Lord Jesus I don’t deserve Your love but thank you for loving me to death. Please forgive me. Forgive me for the wrong choices in my life. You might want to name a few things in the stillness just now.

Lord i turn from these and I open up my myself, my heart, my life to You.

Thank you for Your offer of forgiveness. I receive that forgiveness now and ask for Your Spirit to fill me. Please come into my life and lead me in Your ways.

Thank you lord Jesus.

Maybe for the rest of us, we need to choose afresh to bow the knee. You might even be so bold as maybe just to get down at home on your knee and welcome Him into your life, but if that’s not possible or not for you yet, maybe even just hold out your hands as a physical way of welcome.

Lord Jesus, come into our lives afresh.
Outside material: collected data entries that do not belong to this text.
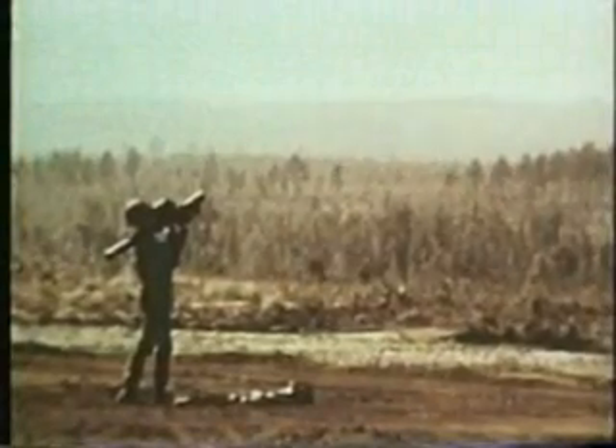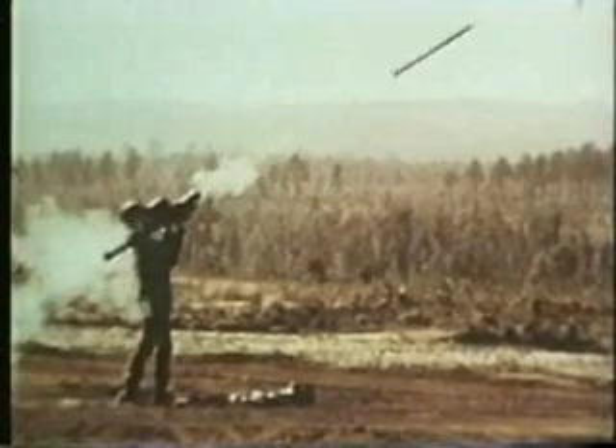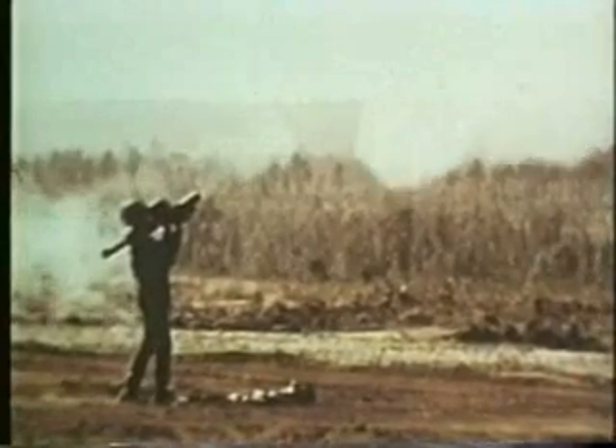These ultra-high-speed pictures show how Red Eye is launched by an expulsion charge. Once clear, a sustainer rocket motor cuts in and the missile arms itself. Range is 3,500 meters to an altitude of 9,000 feet.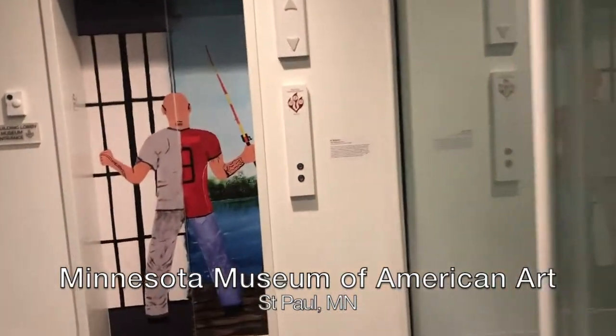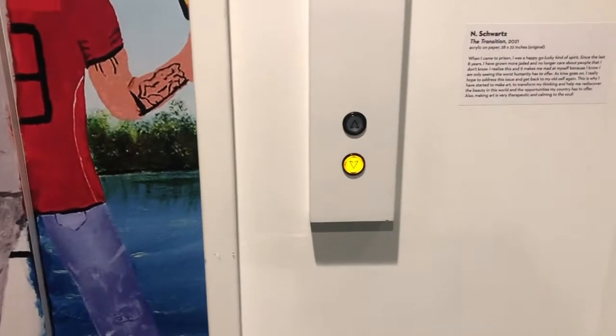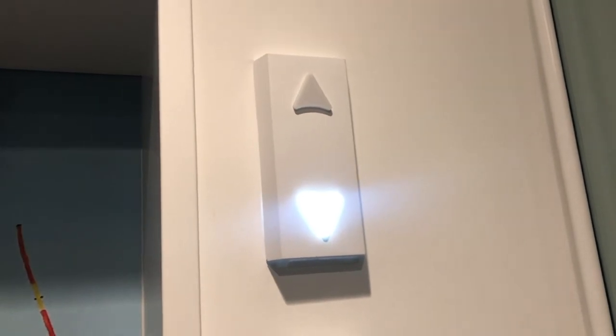This is the elevator at the Minnesota Museum of American Art at the Pioneer Endicott in St. Paul, Minnesota. Nice chime.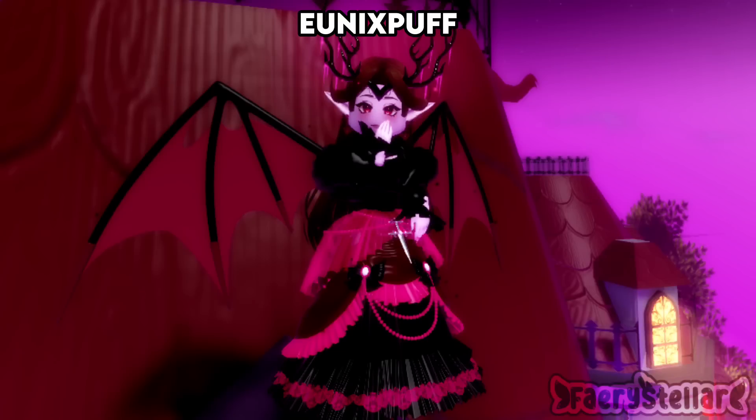I'm not sure if this is cosplaying someone, but personally the antlers don't match too well. I also wish the wings were colored the same as the rest of the accessories. I rate this outfit a 7.5 out of 10.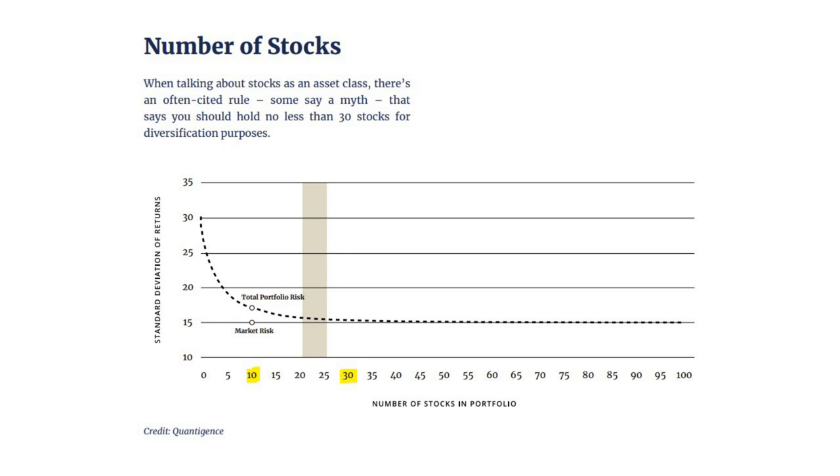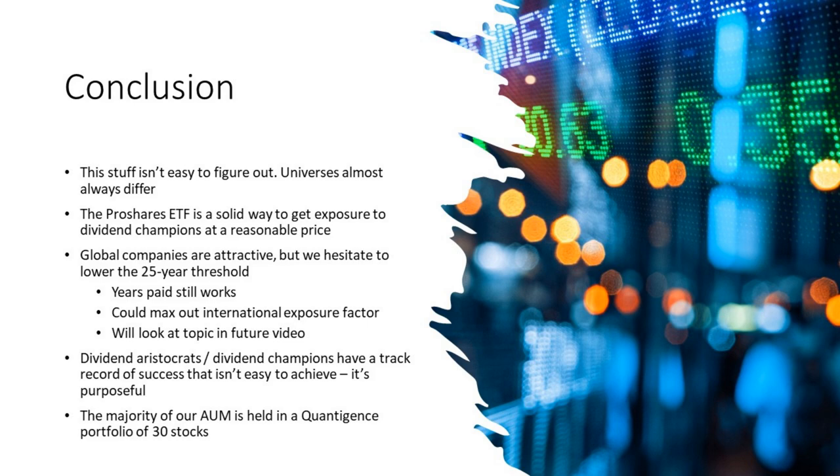You can invest in the ETF — all 66 stocks — or you can try to refine that list down and build your own portfolio, which is what we've done. How many stocks should you have? Ten is probably the lowest number you'd want, which roughly matches the number of GICS sectors — there are 11, so that's roughly one per sector if you want to diversify that way. But you'll find there are a lot of compelling names. You might want to go higher; 30 stocks is a common rule for diversification, but it could be anywhere from 20 to 25. This stuff isn't easy to figure out, and universes of stocks almost always differ. That's why we turn to firms like S&P to help — they have research departments that do nothing but work on this.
We bend the knee. Help us to give up our agenda, to pursue Your agenda, to love God and love neighbor, to make You known and to follow in Your ways.

Oh Lord, forgive us and show us how we should follow after You.

Lord, we want to be a shining beacon of light for You in our community and in our time. How unable we are to do that on our own strength. Lord, every day we’re faced with with temptations to go other ways and if it is for anything but Your Spirit we would choose those and we often do choose those. We turn a deaf ear to the Spirit. So, we ask for a fresh filling of Your Spirit now. Come and fill us afresh.

Come give us power to choose Your way over the ways we would normally choose. Lord, I pray too, by Your Spirit, You would give us a fresh understanding of Your love, that this would be more than words on a page, that Your Love would be poured out into our hearts by the Spirit, that Your love would be so real and tangible that it would overflow from us and to others, into the lives of others and into the life of our community.